Already a while ago, I had to come up with illustrations for a case study on Helsinki’s public transit and its possible future developments. For one reason or another, the whole study was never finished or published and everything ended up in a stray folder on my computer’s hard disk. Cleaning it up I recently stumbled upon the maps and chart and was positively surprised of my 2014 self: I really still like them!
From a dataviz perspective I especially like how I implemented the legends. For the chart I even managed to eliminate it altogether by sharing a legend’s duty between the title and the data itself. Making the chart literally self-explaining.
But now the exhibits:
First, there is this chart which was to illustrate a short chapter on a new overspill development in the east of the city’s territory. It does nothing but show the city government’s projection of population numbers (plus a bit of interpolation in between).
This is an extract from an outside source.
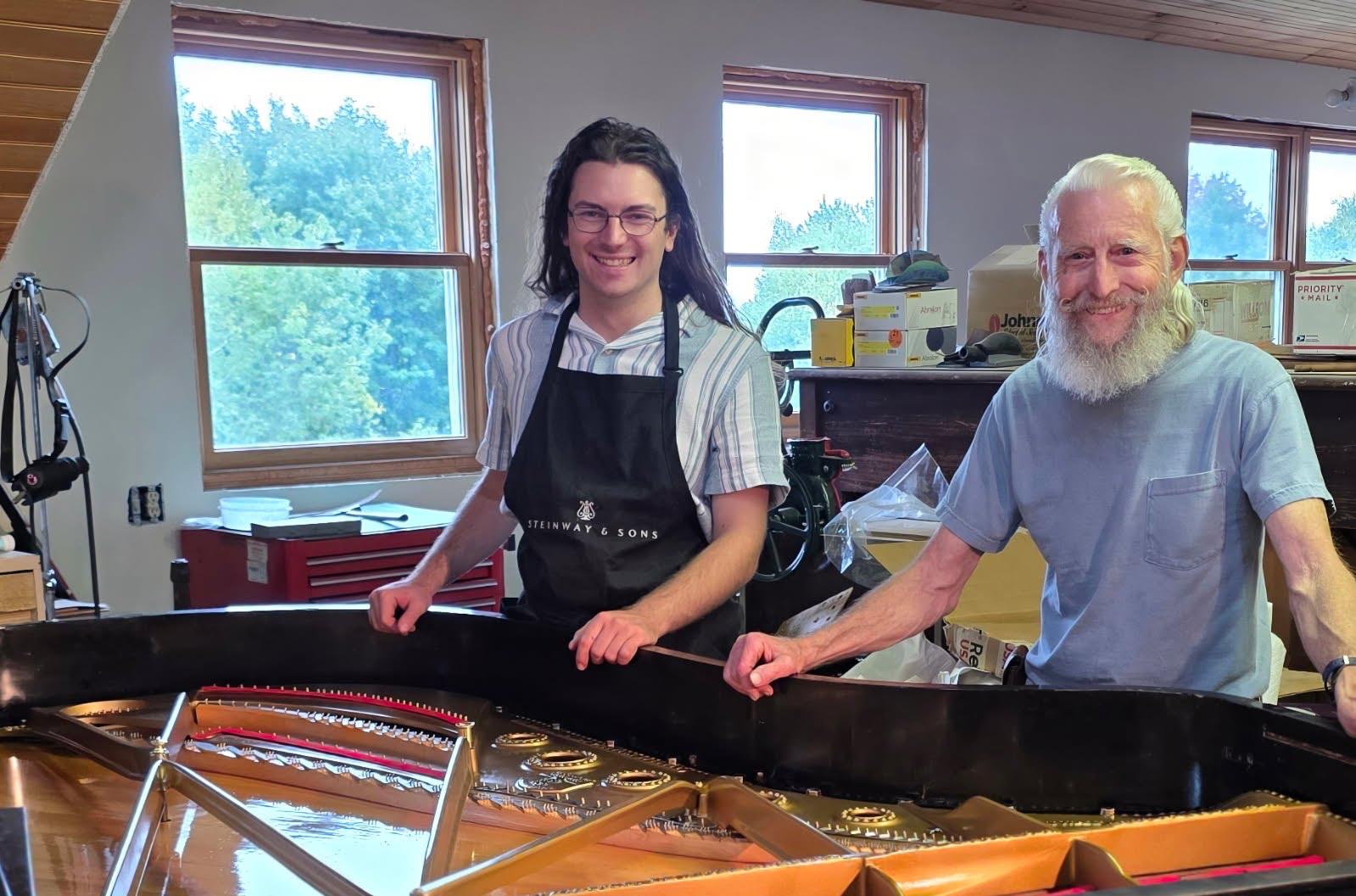 Piano restoration and rebuilding by Precision Piano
Then, here’s the first map: It shows the population density in the Helsinki metropolitan region: the three cities of Helsinki, Vantaa and Espoo, having grown together so tight over the years you couldn’t tell where one ends and the other one starts.
Another map, and that’s the only illustration in this set which I am not really content with, tries to tell two stories at once: a district’s population growth AND its absolute number. The main message the map transports – and it does well so I think – is that the fastest growing districts are the ones with both the largest area and the smallest population. Helsinki is sub-urbanising?
Finally, another map demonstrates how quickly population density declines outside of the very centre of the city. The neighbourhoods of Kallio and Tölö, both hardly 2 km from the centre, still have fairly high density housing, but even in the core of neighbouring Espoo, itself boasting a quarter-million inhabitants, the density is not even half.
All data used is either Open Government Data of the Helsinki Region, data from the Open Street Map project, or from the Natural Earth Data initiative. I realise in the maps’ legends I refer to the wonderful Stamen as a source, but now I can’t see their products anywhere: They definitely remain an important influence.